From: glevy@pratt.edu
Date: Thu Apr 26 2001 - 12:35:05 EDT

Re Allin's [5433]:

> I believe you're muddling levels of abstraction.  Surely constant
> capital and variable capital are jointly exhaustive categories.  
> If "commodity capital on the market" is not variable capital (and 
> surely  it's not) then it's constant.

Let's consider this from a temporal perspective using the 
conceptual device of a period of production. At the end of any
period of production, there are commodities which are offered for
sale on the market. This inventory of unsold commodities
does not represent c or v but _only_ commodity capital. If and
when there is exchange, _then_ the owners of the commodity capital
receive money-capital with which they can _then_ purchase c +
v  to begin the _next_ period of production.  If one views 
a circuit of capital and the different moments in M - C - M'
as an instantaneous and continuous process, then the above is
not obvious. When one views it at various moments of time in the
circuit that includes production and circulation time, then one
can observe the transFORMation of capital, i.e. how capital can 
assume diffewrent forms at different moments in this process.

So, c and v are only exhaustive categories if we assume that 
circulation time equals zero.
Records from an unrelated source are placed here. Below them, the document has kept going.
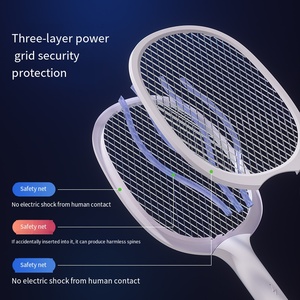 Ventes directes usine : Raquette anti-moustiques électrique 2-en-1 en ABS, rechargeable, à attaque instantanée, avec filet de sécurité multicouche - Product Image 3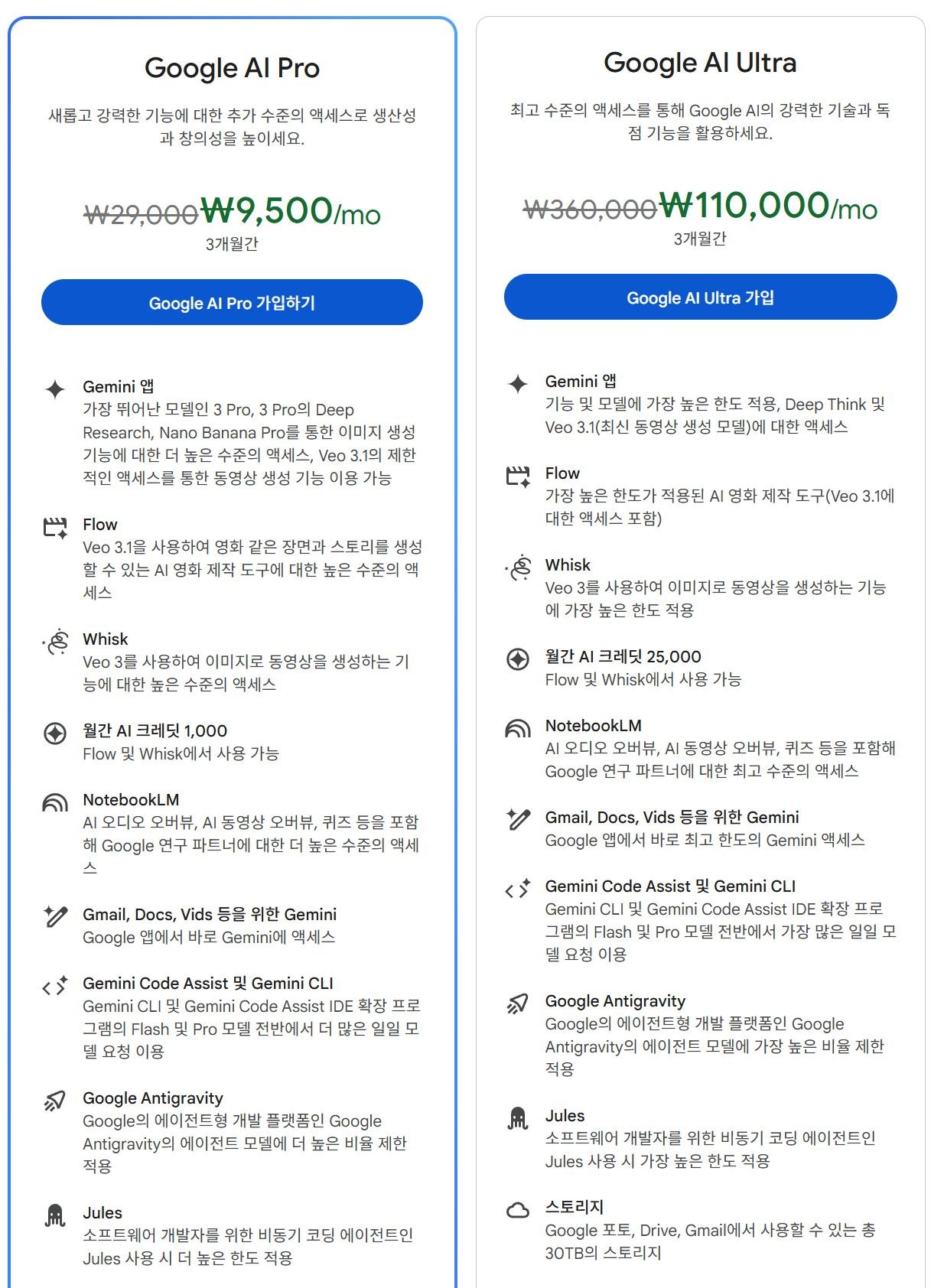 제미나이 세일.JPG [구글] 제미나이 (9,900원) (무료)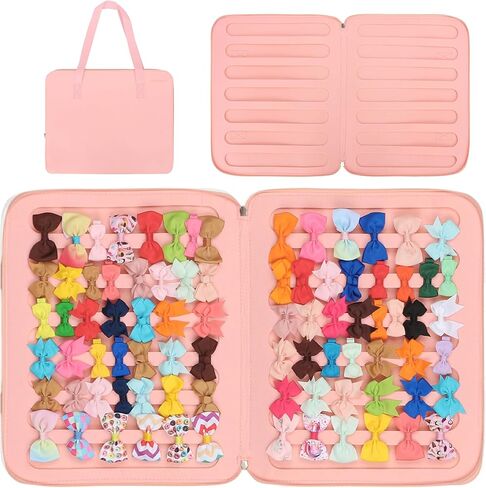 PACMAXI Baby Girl Hair Bow Organizer, Felt Hair Clips Storage Bag, Large Capacity with Handle, Portable Hanging Organizer for Travel & Home (White) in Kuwait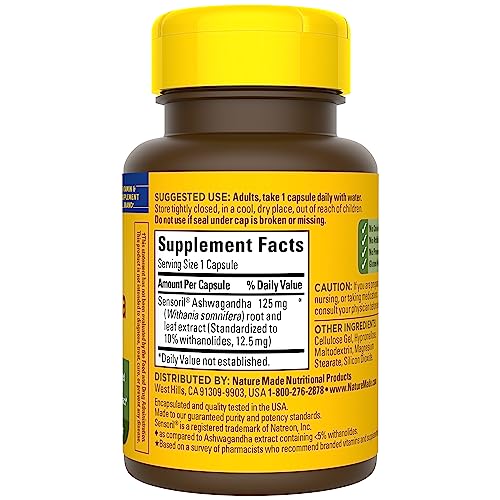 Nature Made Ashwagandha Capsules 125mg for Stress Support, 60 Capsules, 60 Day Supply Nature Made buy supplements canada
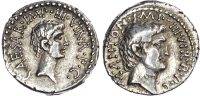 Mark Antony and Octavian, Silver Denarius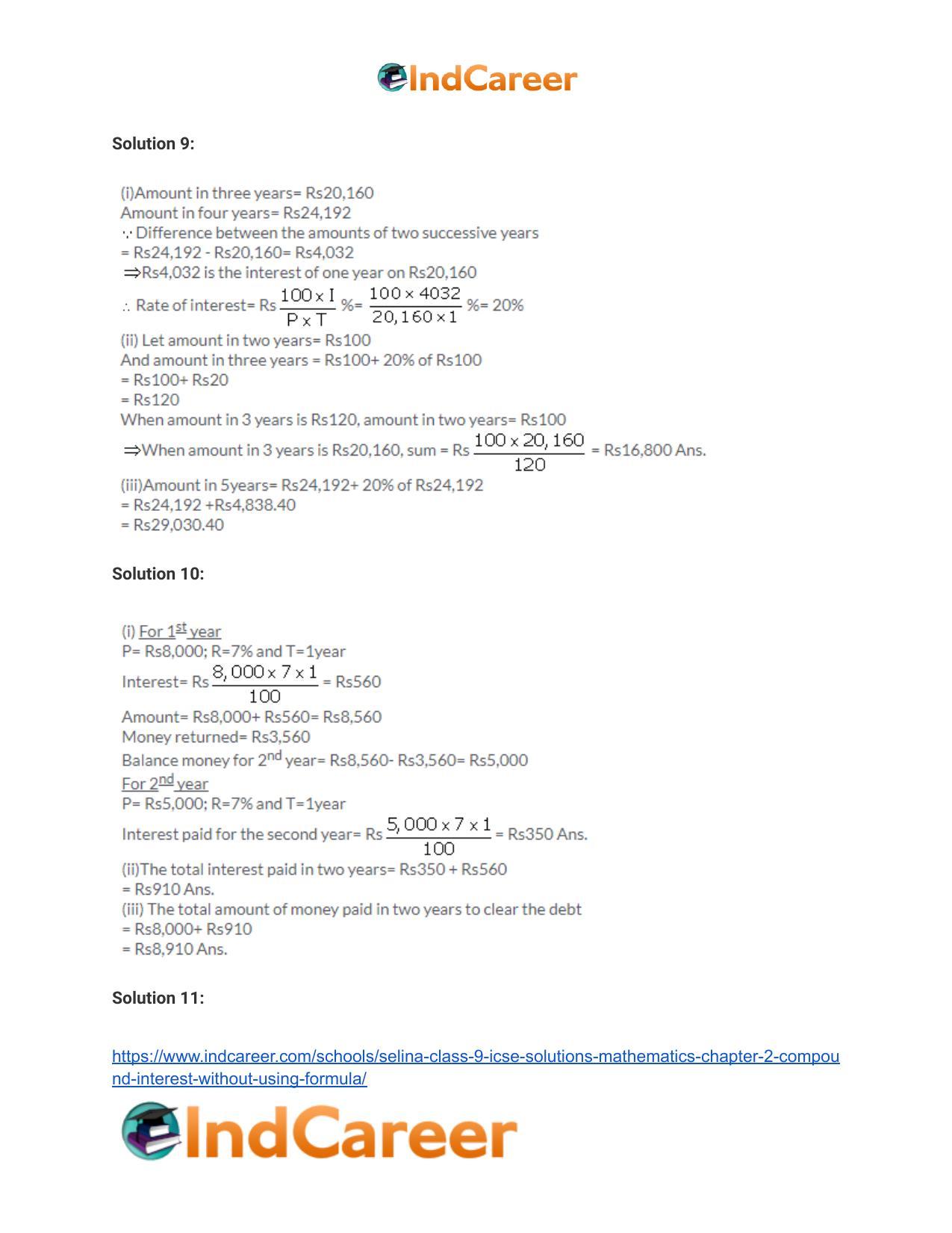 Selina Class 9 ICSE Solutions Mathematics : Chapter 2- Compound Interest (Without using formula) - Page 29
If it takes time, then a portion
of the total capital assumes the form of commodity capital.
After sale, then depending on the type of commodity, it can
then become for the buyer either means of consumption or means
of production. If the latter, then it can _then_ take the form
of constant capital. For the seller, the commodity capital 
becomes money and hence profit and the surplus value can _then_ 
be either unproductively consumed or used as money-capital to purchase c and v on the market.